Ian Turner

Personal information
- Full name: Ian Robert Turner
- Born: 28 May 1970 (age 55) Warwick, Queensland, Australia

Playing information
- Height: 188 cm (6 ft 2 in)
- Weight: 97 kg (15 st 4 lb)
- Position: Centre, Second-row
Club
| Years | Team | Pld | T | G | FG | P |
| 1991–93 | Past Brothers RLFC | 59 | 31 | 8 | 0 | 140 |
| 1994–97 | Souths RLFC | 88 | 46 | 4 | 0 | 224 |
| 1995–96 | Union Treiziste Catalane | 21 | 12 | 12 | 0 |  |
| 1996 | Paris Saint-Germain | 6 | 1 |  |  | 4 |
| 1998–99 | Wynnum Manly Seagulls | 21 | 13 | 0 | 0 | 52 |
|  | Total | 195 | 103 | 24 | 0 | 420 |
- Source:

= Ian Turner (rugby league) =

Australian rugby league footballer & businessman

Ian Turner (born in Warwick, Queensland on 28 May 1970) is an Australian businessman and former rugby league footballer.

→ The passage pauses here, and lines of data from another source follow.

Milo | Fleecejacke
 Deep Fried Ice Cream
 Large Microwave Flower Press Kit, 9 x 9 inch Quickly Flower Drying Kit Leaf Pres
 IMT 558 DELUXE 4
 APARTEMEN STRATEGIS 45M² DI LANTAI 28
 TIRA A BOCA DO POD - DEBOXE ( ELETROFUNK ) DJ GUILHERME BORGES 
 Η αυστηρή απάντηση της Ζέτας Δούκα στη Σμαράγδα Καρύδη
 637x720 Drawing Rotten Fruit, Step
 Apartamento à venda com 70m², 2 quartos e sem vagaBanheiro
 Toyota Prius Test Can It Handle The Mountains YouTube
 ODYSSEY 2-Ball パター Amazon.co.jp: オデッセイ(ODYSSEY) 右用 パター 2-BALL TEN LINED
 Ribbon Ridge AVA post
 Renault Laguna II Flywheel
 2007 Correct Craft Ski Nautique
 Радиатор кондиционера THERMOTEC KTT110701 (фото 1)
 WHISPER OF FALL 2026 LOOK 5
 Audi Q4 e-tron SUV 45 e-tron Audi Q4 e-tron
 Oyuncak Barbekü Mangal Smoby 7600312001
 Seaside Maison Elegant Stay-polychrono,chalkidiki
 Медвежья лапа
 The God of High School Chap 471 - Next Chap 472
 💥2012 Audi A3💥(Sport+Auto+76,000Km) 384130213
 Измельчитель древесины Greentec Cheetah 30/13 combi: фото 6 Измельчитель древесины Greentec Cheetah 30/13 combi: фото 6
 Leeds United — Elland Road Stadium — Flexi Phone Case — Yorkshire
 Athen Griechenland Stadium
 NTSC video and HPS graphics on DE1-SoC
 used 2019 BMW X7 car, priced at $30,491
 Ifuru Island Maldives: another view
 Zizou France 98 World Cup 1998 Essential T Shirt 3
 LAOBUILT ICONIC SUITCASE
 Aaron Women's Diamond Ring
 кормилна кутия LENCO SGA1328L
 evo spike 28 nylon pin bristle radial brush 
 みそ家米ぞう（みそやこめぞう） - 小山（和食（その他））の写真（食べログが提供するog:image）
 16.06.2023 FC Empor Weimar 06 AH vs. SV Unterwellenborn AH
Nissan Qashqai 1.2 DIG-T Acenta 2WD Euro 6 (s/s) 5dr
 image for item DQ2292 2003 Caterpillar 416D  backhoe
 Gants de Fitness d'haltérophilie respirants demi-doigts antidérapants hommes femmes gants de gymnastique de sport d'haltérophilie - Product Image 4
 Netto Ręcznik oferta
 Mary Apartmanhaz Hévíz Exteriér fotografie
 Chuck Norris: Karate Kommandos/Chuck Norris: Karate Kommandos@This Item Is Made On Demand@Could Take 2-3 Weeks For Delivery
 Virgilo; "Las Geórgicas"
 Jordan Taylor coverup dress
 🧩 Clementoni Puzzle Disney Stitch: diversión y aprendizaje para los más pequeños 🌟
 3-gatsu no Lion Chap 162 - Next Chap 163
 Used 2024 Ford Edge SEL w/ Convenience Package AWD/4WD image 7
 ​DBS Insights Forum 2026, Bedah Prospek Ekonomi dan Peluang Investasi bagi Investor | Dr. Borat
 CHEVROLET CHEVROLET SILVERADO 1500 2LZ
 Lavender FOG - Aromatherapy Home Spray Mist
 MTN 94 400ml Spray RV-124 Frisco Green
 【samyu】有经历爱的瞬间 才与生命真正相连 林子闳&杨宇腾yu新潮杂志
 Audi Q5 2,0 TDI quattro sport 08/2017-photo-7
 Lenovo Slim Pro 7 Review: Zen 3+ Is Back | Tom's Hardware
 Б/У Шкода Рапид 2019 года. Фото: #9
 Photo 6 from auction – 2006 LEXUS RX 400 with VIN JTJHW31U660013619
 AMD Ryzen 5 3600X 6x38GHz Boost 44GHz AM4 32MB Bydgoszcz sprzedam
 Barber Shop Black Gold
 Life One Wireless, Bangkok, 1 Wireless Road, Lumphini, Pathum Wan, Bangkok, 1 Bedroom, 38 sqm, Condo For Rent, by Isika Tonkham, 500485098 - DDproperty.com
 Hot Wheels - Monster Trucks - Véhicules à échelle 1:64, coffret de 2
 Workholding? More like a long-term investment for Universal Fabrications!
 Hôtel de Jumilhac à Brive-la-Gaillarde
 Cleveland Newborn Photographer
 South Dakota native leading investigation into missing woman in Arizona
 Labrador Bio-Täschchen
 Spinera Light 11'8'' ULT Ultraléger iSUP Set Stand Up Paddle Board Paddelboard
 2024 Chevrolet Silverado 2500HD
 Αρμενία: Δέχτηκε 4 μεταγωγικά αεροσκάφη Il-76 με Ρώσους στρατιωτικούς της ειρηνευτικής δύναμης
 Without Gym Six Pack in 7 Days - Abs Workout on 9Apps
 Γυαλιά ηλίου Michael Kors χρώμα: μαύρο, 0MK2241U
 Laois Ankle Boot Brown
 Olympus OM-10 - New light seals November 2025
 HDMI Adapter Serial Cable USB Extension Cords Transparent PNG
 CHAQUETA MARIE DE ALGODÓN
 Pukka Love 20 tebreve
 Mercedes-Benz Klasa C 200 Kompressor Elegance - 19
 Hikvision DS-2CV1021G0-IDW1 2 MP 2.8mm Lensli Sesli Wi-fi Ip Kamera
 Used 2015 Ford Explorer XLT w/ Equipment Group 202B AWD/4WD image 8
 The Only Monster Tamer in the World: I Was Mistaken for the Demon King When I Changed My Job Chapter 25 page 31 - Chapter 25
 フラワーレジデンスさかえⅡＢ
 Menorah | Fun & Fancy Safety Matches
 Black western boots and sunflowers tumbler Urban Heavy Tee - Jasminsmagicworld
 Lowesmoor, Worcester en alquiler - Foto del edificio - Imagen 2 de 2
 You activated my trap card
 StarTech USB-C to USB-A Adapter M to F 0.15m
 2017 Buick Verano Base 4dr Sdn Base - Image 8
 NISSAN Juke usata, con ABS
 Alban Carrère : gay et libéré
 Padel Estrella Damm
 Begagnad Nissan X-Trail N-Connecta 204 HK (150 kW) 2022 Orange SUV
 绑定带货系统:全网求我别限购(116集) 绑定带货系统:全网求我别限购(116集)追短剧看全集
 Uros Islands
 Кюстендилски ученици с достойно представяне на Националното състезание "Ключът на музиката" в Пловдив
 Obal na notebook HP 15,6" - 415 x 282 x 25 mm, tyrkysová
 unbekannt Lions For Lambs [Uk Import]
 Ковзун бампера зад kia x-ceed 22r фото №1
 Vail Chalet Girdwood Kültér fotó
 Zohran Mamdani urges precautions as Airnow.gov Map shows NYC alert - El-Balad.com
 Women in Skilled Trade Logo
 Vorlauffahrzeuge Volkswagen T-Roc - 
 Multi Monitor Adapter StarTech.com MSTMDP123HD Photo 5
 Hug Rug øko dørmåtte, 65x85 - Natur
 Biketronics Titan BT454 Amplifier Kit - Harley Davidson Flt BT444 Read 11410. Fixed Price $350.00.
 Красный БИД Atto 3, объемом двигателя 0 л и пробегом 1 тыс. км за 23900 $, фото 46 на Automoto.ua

Turner was a Brisbane Broncos scholarship player in 1991, in conjunction with Brothers RLFC, coming from Runaway Bay RLFC after Colts Group 18 Grand Final Win. He was a member Souths RLFC for most of his career. He played in the centres and back row. Turner signed with the Super League for the 1995–96 season playing for French team Paris Saint-Germain in the first Super League match worldwide at Stade Sébastien Charléty in Paris against the Sheffield Eagles. He also played with Union Treiziste Catalane. A season-ending neck injury saw him return to Australia playing again for Souths RLFC taking the season's top try scorer award in 1997 and named in the team of the decade, before signing for Wynnum Manly Seagulls for seasons 1998 and 1999 in the Queensland Cup.

Turner also represented Queensland in OzTag playing in two State of Origin Series after retiring from rugby league.